PROBLEM: With the pictures omitted, set down exactly the lines from the one that contains "a row of seats in an airplane" through the last line of the data.

DATASET RECORDS:
== Segment start ==

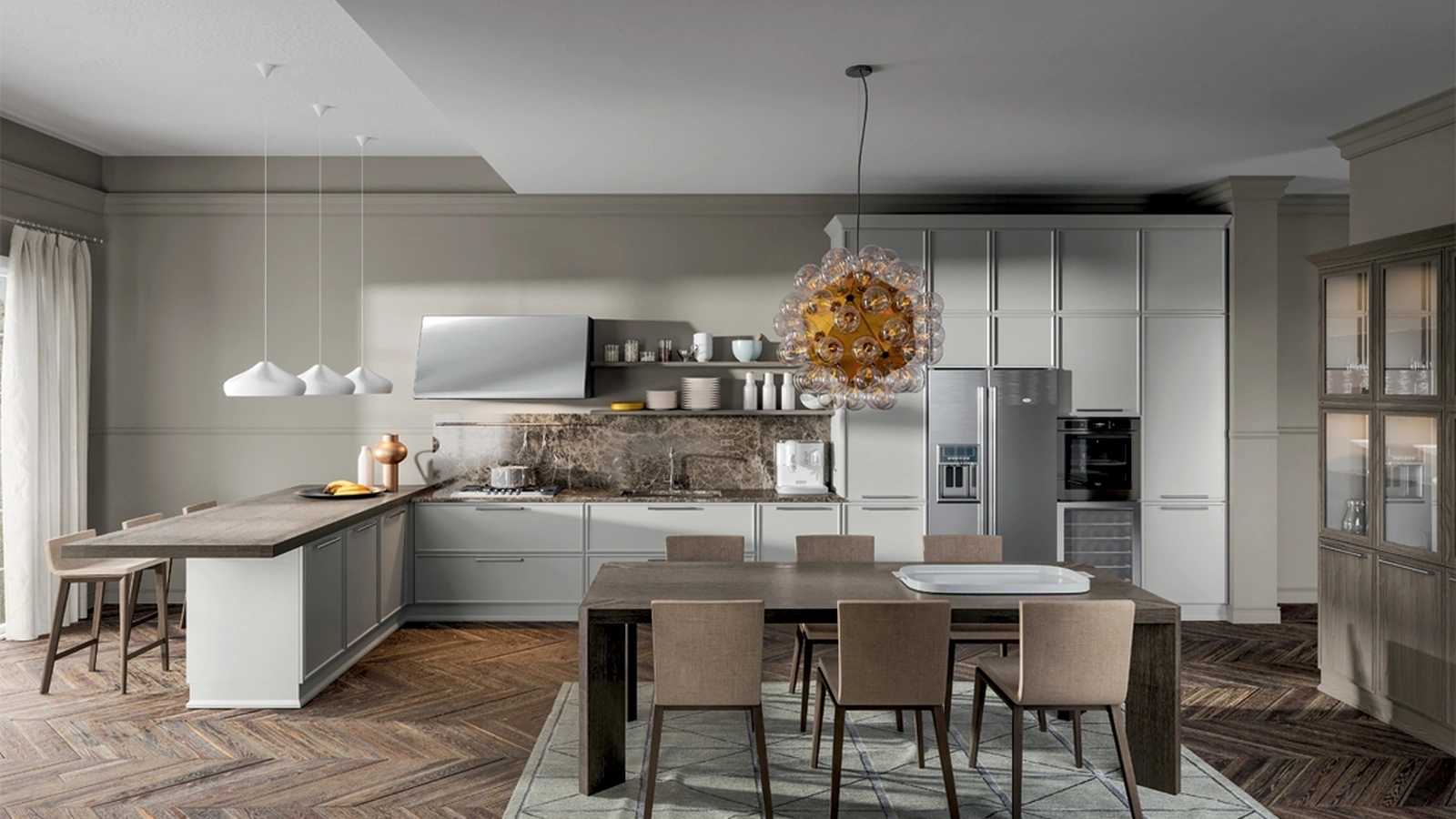 Cucina Moderna Etica Estetica con penisola di Home Cucine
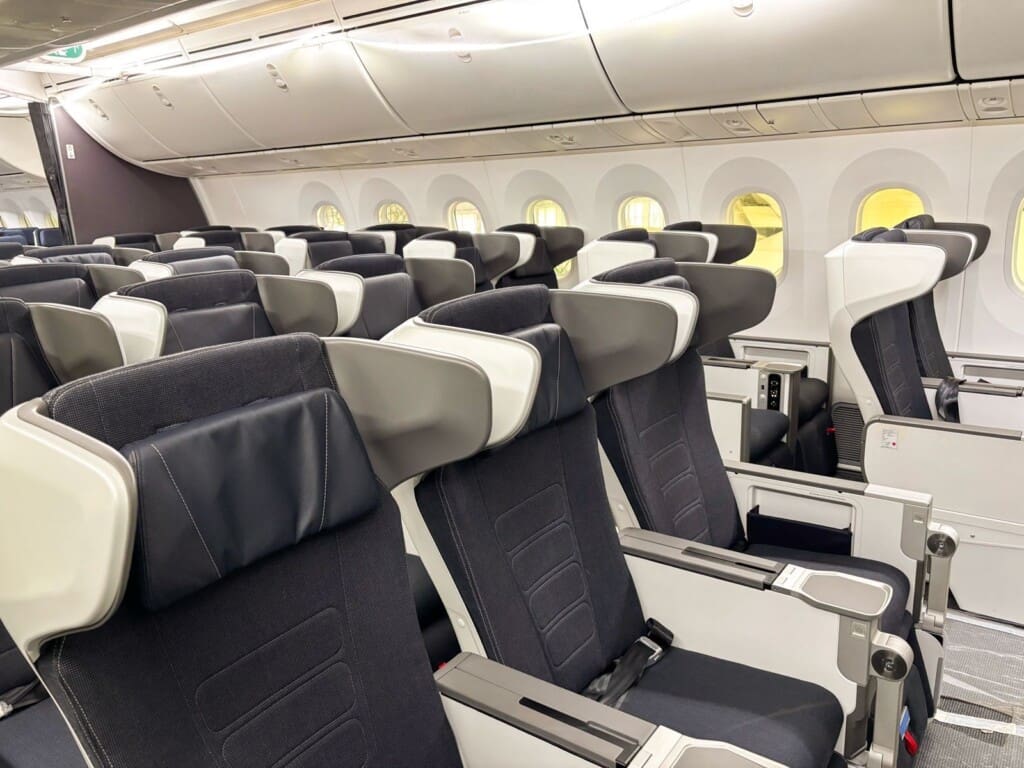 a row of seats in an airplane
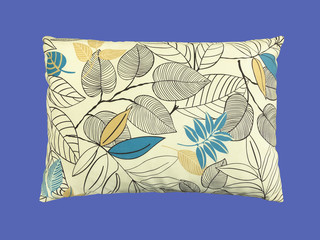 Decorative pillow with plant pattern.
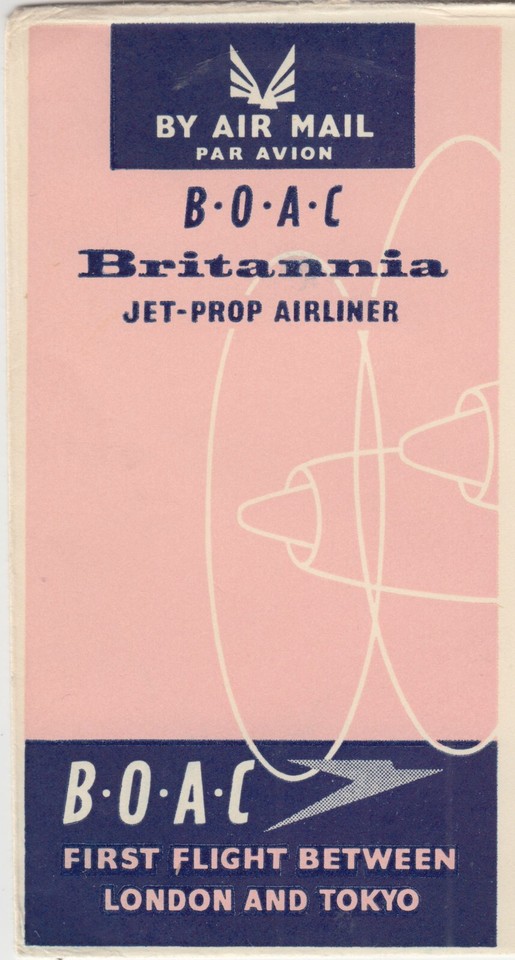 BOAC 1957 BRITANNIA JETPROP AIRLINER official illustrated FFC KARACHI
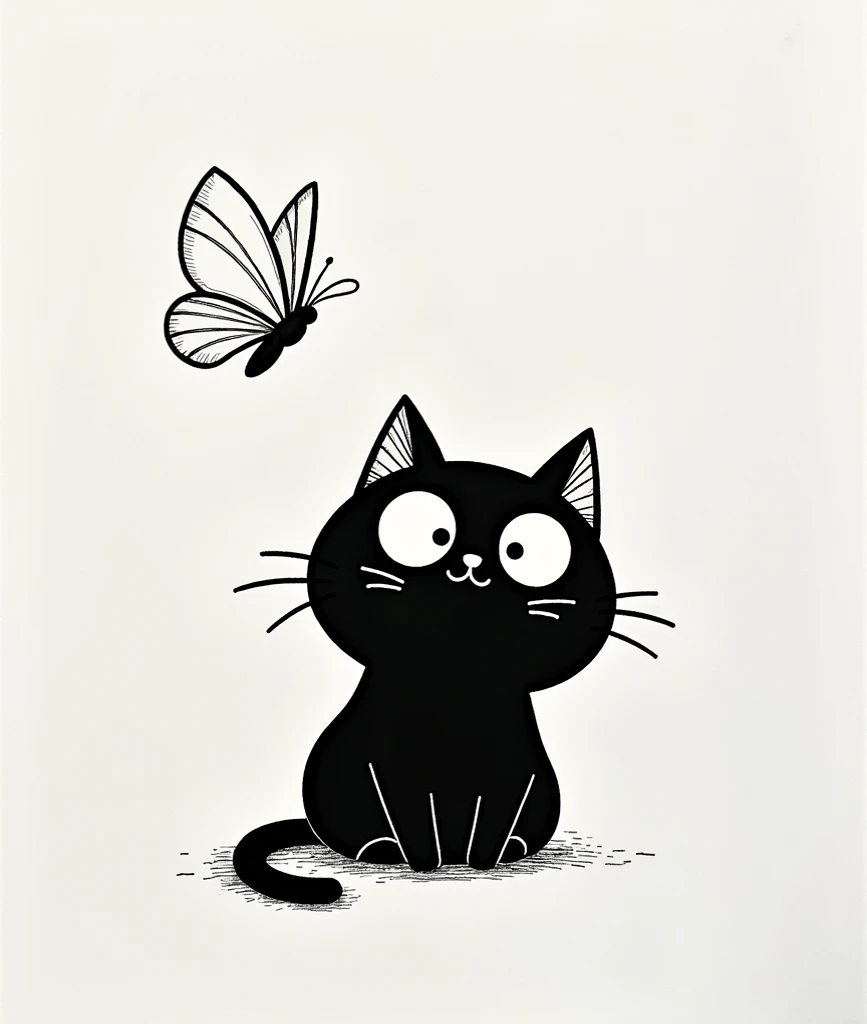 A small, black cartoon cat is depicted in a simple, black and white line drawing style. The cat is positioned slightly to the left of center in the image, sitting on a plain white background.  It has large, expressive eyes and a slightly surprised or inqui...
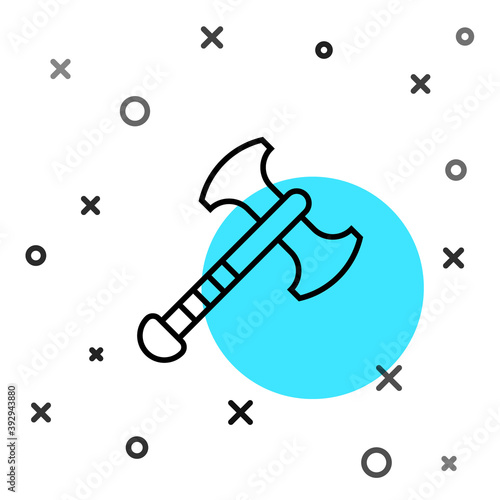 Black line War axe icon isolated on white background. Battle axe, executioner axe. Medieval weapon. Random dynamic shapes. Vector.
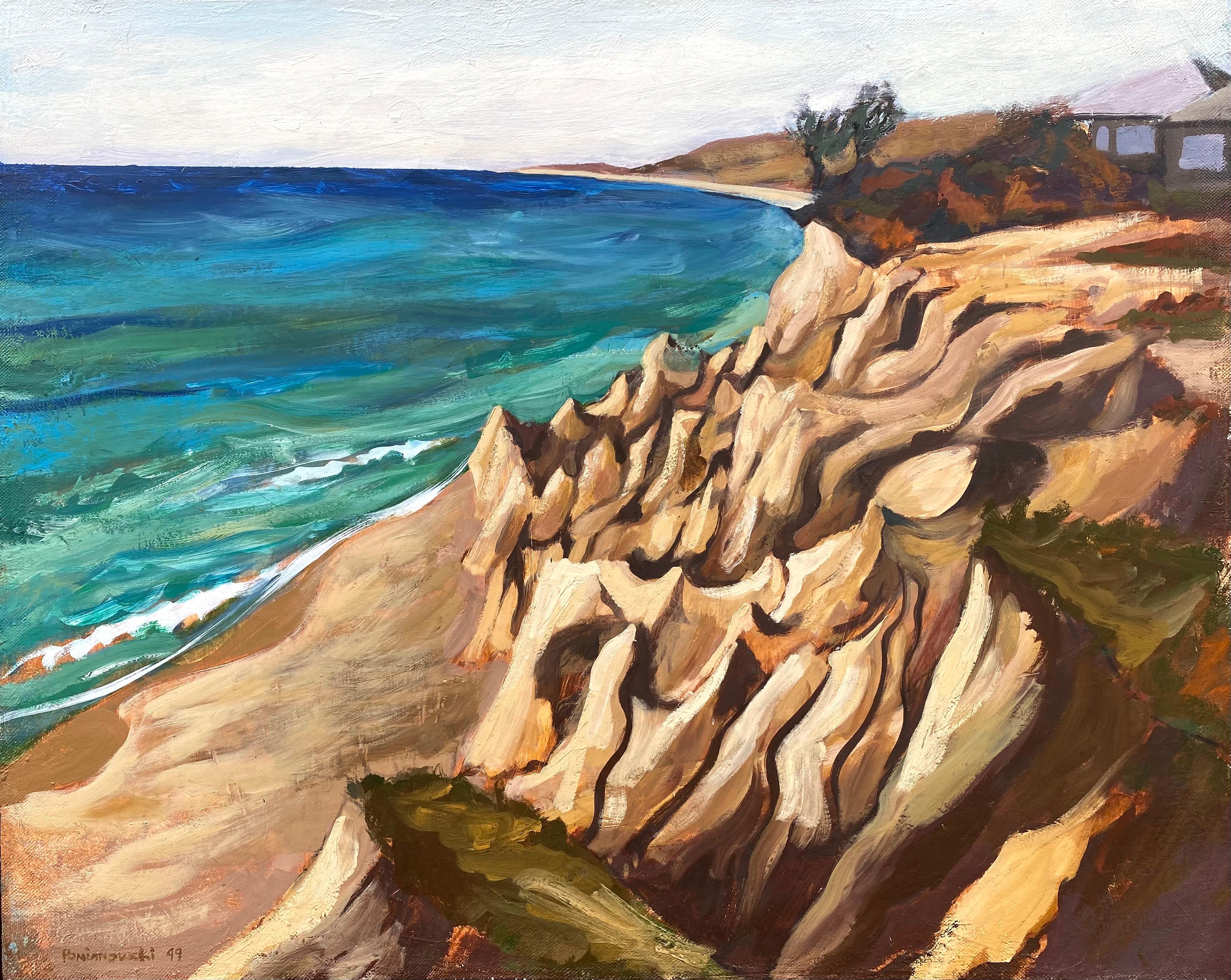 “Montauk Cliffs” - Painting by John Pomianowski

== Segment end ==

RESPONSE AREA:
 a row of seats in an airplane
 Decorative pillow with plant pattern.
 BOAC 1957 BRITANNIA JETPROP AIRLINER official illustrated FFC KARACHI
 A small, black cartoon cat is depicted in a simple, black and white line drawing style. The cat is positioned slightly to the left of center in the image, sitting on a plain white background.  It has large, expressive eyes and a slightly surprised or inqui...
 Black line War axe icon isolated on white background. Battle axe, executioner axe. Medieval weapon. Random dynamic shapes. Vector.
 “Montauk Cliffs” - Painting by John Pomianowski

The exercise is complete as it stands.